You can easily use this model for inference with just a few lines of code using the `diffusers` library.

### 1. Installation

First, make sure you have the necessary libraries installed.

```bash
pip install --upgrade diffusers transformers accelerate torch
```

### 2. Inference Pipeline

The following Python script demonstrates how to load the model from the Hugging Face Hub and generate an image.

```python
import torch
from diffusers import DDPMPipeline
from PIL import Image

# For reproducibility
generator = torch.manual_seed(42)

# Load the pretrained pipeline from the Hub
pipeline = DDPMPipeline.from_pretrained("louijiec/ddpm-pixelwing")

# If you have a GPU, move the pipeline to the GPU for faster generation
if torch.cuda.is_available():
    pipeline = pipeline.to("cuda")

print("Pipeline loaded. Starting image generation...")

# Run the generation process
# The pipeline returns a dataclass with the generated image
result = pipeline(generator=generator, num_inference_steps=1000)
image = result.images

# The output is a PIL Image, which you can display or save
print("Image generated successfully.")
image.save("pixel_wing.png")

# To generate a batch of images, you can specify `batch_size`
# images = pipeline(batch_size=4, generator=generator).images
# for i, img in enumerate(images):
#     img.save(f"pixel_wing_{i+1}.png")
```

This script will generate a 32x32 pixel art wing and save it as `pixel_wing.png` in your current directory.

## Training Details

This model was trained from scratch. The following provides an overview for those interested in the training process or looking to reproduce it.

-   **Library:** The model was trained using the official `diffusers` [unconditional image generation training script](https://github.com/huggingface/diffusers/tree/main/examples/unconditional_image_generation).

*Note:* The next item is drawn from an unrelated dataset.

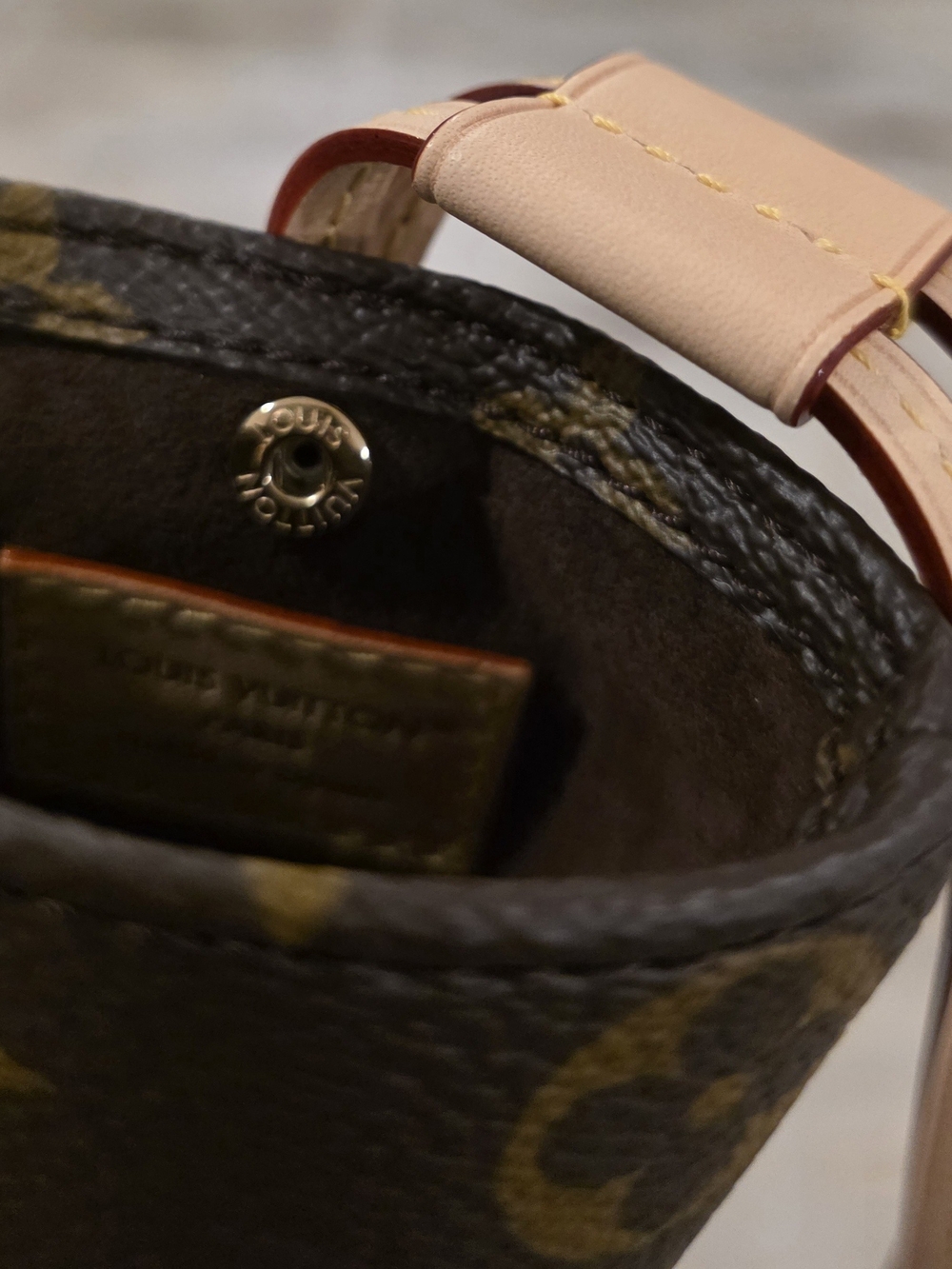 Authentic Louis Vuitton Monogram Sunglass Pouch - Picture 4 of 7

-   **Dataset:** The model was trained on a custom dataset named **"PixelWing"**, consisting of approximately 300 unique 32x32 pixel art images of wings. The images were created and curated specifically for this project.

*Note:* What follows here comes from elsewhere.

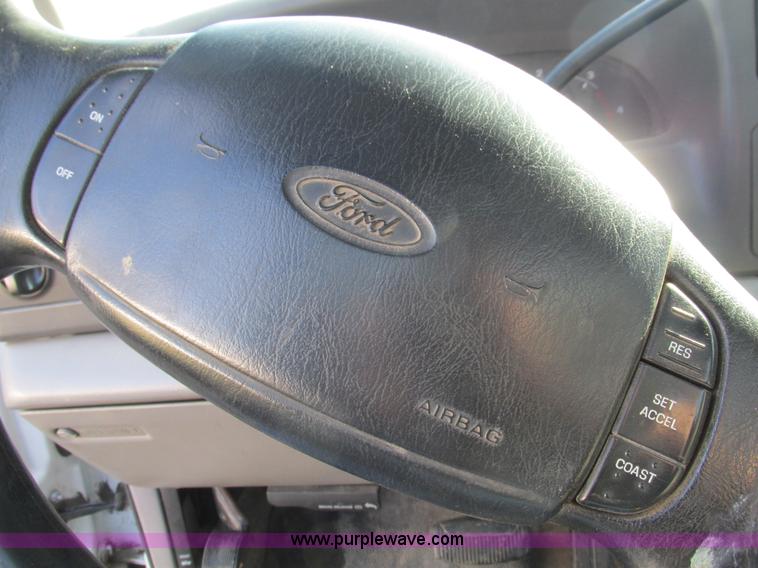 image for item L5381 2000 Ford F250 Super Duty pickup truck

-   **Training Procedure:**
    -   **Image Resolution:** 32x32
    -   **Epochs:** 200
    -   **Learning Rate:** 1e-4
    -   **Batch Size:** 16
    -   **Gradient Accumulation Steps:** 1
    -   **Optimizer:** AdamW
    -   **Hardware:** Trained on a single NVIDIA T4 GPU (commonly available on Google Colab).